* What to produce
Look through the data that follows and work out how many lines contain the string "Honda". Nothing but that number should be given.

* Record extracts
BEGIN

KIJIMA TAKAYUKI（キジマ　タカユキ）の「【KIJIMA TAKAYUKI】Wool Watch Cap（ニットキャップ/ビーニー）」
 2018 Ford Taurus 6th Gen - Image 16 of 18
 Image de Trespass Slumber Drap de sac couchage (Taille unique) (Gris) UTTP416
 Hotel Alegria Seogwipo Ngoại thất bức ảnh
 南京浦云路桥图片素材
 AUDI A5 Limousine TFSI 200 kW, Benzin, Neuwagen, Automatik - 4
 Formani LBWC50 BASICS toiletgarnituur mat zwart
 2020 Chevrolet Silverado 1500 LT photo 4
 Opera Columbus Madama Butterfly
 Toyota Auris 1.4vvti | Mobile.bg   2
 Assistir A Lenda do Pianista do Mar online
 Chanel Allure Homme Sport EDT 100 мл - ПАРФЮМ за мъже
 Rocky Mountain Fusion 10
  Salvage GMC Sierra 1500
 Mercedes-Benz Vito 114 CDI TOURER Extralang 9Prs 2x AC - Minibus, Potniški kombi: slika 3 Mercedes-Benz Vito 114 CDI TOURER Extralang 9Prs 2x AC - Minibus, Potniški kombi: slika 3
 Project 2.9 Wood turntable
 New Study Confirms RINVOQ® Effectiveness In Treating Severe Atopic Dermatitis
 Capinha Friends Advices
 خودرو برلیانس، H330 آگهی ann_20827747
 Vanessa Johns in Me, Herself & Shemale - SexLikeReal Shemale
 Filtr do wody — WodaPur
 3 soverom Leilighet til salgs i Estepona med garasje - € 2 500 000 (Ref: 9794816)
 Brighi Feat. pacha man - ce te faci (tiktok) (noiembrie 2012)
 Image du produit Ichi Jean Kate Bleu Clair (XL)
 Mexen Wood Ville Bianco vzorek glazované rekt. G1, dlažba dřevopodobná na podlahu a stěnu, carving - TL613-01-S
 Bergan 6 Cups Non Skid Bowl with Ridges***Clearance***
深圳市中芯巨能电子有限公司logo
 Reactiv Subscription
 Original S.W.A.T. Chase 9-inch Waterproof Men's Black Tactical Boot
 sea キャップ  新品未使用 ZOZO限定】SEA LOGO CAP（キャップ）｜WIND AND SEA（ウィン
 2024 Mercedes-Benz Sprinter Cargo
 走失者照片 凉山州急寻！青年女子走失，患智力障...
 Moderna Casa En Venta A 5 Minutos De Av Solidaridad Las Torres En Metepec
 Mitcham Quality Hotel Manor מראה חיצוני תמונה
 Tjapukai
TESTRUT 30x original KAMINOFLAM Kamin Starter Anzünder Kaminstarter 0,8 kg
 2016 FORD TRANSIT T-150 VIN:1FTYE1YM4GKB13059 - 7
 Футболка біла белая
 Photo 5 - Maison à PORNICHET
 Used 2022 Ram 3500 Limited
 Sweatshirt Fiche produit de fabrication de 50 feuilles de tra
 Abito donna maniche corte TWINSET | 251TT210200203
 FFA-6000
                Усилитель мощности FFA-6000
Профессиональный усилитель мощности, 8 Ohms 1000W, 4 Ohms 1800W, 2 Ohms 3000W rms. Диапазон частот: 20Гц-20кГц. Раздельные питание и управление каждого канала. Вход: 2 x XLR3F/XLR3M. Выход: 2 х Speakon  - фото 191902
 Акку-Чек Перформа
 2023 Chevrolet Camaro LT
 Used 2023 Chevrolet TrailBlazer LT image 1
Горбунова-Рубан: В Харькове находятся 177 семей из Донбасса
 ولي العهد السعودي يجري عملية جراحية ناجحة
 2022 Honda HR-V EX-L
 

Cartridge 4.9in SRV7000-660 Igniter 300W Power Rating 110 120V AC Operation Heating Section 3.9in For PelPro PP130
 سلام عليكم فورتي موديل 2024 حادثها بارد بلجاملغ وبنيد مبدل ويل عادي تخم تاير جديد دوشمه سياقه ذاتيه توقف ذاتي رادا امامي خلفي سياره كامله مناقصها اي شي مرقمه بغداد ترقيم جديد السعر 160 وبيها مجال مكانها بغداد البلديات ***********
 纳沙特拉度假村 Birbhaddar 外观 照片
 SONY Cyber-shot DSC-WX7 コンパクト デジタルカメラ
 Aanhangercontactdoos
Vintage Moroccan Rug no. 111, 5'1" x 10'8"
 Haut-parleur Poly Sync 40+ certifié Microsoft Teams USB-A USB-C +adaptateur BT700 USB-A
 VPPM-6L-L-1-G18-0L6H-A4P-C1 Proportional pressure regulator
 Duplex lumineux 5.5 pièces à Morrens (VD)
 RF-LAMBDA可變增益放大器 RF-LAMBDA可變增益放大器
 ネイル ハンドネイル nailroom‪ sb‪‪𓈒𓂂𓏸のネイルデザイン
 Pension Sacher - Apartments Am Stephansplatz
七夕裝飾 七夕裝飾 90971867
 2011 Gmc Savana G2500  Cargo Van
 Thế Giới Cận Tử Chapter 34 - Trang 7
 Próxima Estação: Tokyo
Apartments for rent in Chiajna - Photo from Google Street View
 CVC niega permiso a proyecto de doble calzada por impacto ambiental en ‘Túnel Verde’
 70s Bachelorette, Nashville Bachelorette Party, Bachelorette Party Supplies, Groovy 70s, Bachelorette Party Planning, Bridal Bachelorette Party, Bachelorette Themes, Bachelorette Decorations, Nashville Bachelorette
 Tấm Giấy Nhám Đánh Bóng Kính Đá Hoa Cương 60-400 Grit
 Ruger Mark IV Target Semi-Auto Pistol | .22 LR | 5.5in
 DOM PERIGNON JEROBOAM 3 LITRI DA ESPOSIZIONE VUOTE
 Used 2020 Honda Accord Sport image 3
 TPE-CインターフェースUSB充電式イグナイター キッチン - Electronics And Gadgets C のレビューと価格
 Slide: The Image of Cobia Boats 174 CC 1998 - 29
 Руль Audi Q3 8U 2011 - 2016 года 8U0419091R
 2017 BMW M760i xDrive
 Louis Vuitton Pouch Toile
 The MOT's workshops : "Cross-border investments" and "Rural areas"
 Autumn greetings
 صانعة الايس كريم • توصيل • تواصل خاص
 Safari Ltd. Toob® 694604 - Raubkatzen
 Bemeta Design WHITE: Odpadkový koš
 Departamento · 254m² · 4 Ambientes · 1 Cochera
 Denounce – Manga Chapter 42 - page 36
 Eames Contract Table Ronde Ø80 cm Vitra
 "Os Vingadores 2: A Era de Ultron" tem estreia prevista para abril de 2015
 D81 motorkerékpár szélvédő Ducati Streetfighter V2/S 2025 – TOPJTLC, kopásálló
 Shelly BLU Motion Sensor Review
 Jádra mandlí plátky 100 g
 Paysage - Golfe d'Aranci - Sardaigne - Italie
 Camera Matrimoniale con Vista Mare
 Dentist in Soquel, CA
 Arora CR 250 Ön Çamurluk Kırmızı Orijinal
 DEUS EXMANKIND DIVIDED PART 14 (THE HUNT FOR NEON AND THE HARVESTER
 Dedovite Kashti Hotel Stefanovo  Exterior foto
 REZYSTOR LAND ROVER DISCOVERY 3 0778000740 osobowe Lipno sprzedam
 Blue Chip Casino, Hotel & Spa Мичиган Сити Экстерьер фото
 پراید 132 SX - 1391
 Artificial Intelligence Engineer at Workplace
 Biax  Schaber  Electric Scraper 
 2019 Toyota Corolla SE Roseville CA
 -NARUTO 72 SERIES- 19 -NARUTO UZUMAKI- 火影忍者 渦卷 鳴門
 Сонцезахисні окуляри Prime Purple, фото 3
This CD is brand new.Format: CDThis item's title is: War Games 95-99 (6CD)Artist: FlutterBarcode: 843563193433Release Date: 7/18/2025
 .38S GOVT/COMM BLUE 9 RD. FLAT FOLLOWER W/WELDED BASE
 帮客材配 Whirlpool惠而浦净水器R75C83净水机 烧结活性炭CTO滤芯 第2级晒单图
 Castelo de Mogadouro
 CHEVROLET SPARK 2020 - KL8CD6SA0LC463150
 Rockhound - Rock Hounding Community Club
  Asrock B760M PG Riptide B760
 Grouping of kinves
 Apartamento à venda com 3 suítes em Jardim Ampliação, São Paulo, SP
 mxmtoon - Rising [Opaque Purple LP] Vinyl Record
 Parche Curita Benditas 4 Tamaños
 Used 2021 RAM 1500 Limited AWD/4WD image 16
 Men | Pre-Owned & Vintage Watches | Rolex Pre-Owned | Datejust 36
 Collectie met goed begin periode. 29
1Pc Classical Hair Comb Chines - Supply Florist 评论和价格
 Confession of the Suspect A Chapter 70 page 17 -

END

* Result of the task
2